To better prepare students for the academic rigor of the Master of Science in Data Science program, there are two self-paced bridge courses available — a refresher course in statistics as well as a course in programming using Python and R. These self-paced courses are designed to help you review statistical and programming knowledge before classes begin.
Programming Bridge: Python and R
In this course, students build on their existing programming skills, learning to use both the Python and R programming languages. Students are introduced to both languages and receive general, guided examples of using both languages. Topics covered include using variables, abstract data types, custom classes and inheritance, package management, and numerical methods. Statistical and numeric packages are introduced as well as linear algebra operations, simple visualization, and vectorized computation. Upon course completion, students will have a basic understanding of how to use these languages as a basis for performing data analysis. Building experience through exploratory examples is encouraged.
numpy, scipy, matplotlib,
Bridge to Statistics
In this course, students work through a thorough refresher of the methods and theories learned in their introduction to statistics course.

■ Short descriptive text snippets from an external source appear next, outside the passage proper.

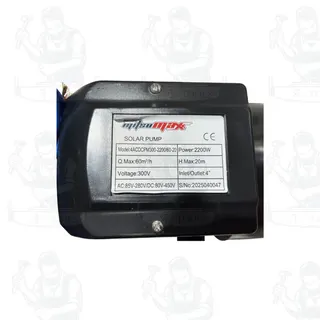 MITSUMAX รุ่น 4ACDCPM300-2200/60-20 ปั๊มหอยโข่ง AC/DC 4" ทำงาน 2 ระบบ สินค้าพร้อมส่ง ของแท้ 100% 5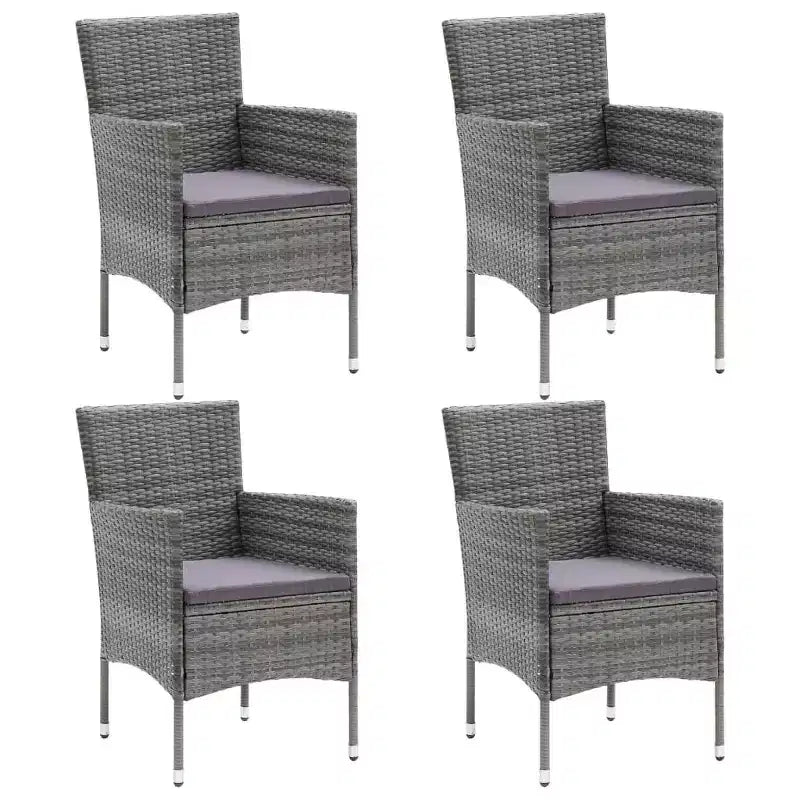 vidaXL 4x Sedie da Giardino Polirattan Esterno Balcone Cena Vari Colori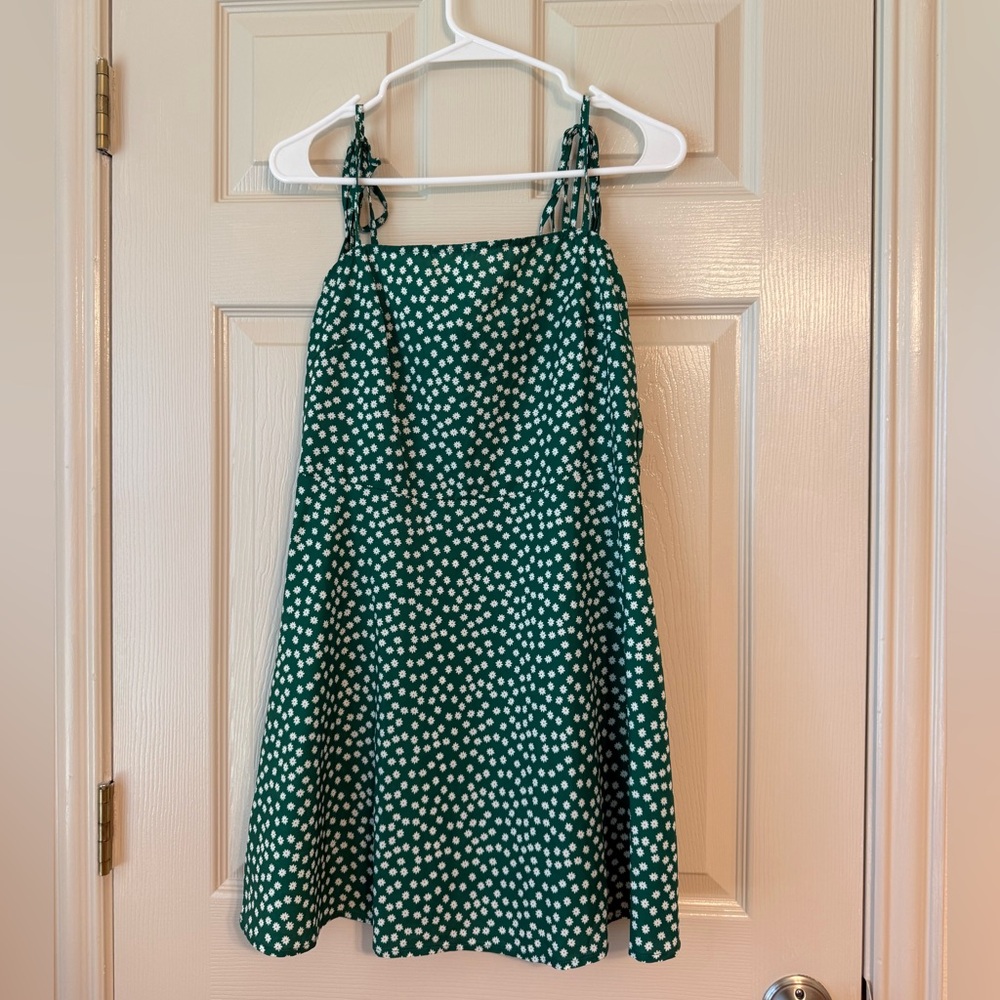 Green Floral Dress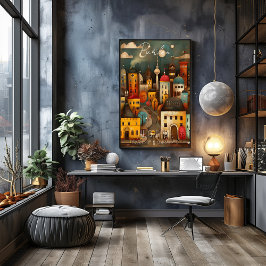 Berlin: The Grey City - Whimsical Art Perfect Poster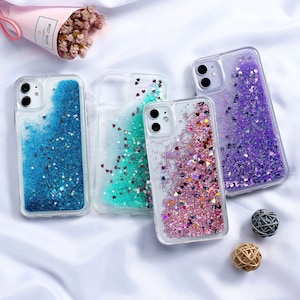 Stars Glitter iPhone 13 12 11 Pro Max case 13 12 mini case iPhone13 12 11 XR case X XS Max SE Case iPhone 8 Plus case iPhone 13 12 11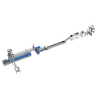 Two-Stage Plastic Recycling Pelletizing Line with Automatic Quantitative Feeder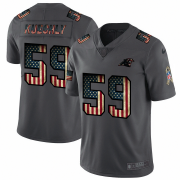 Wholesale Cheap Nike Panthers #59 Luke Kuechly 2018 Salute To Service Retro USA Flag Limited NFL Jersey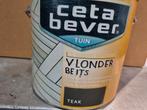 cetabever vlonderbeits teak, Minder dan 5 liter, Ophalen of Verzenden, Nieuw, Verf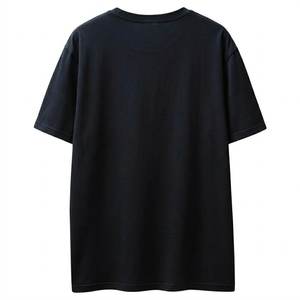T-shirts décontractés pour hommes noirs à logo personnalisé très demandés, de haute qualité, 100 % coton et polyester, col rond, streetwear - Product Image 2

The course starts from the beginning with basic measures of center and spread which prepares the student for a section on the normal distribution and perhaps the most fundamental theory in statistics: the Central Limit Theorem (CLT). This is followed by discussions on one- and two-sample confidence intervals and hypothesis tests for the difference of means. The course concludes with a section on the use and interpretation of simple linear regression techniques which leaves the student prepared to begin a much more in-depth study of statistical methods provided in the Statistical Foundations for Data Science course. The course is largely example-based and provides opportunities for students to work with the instructor to solve problems with both handwritten and SAS-based solutions.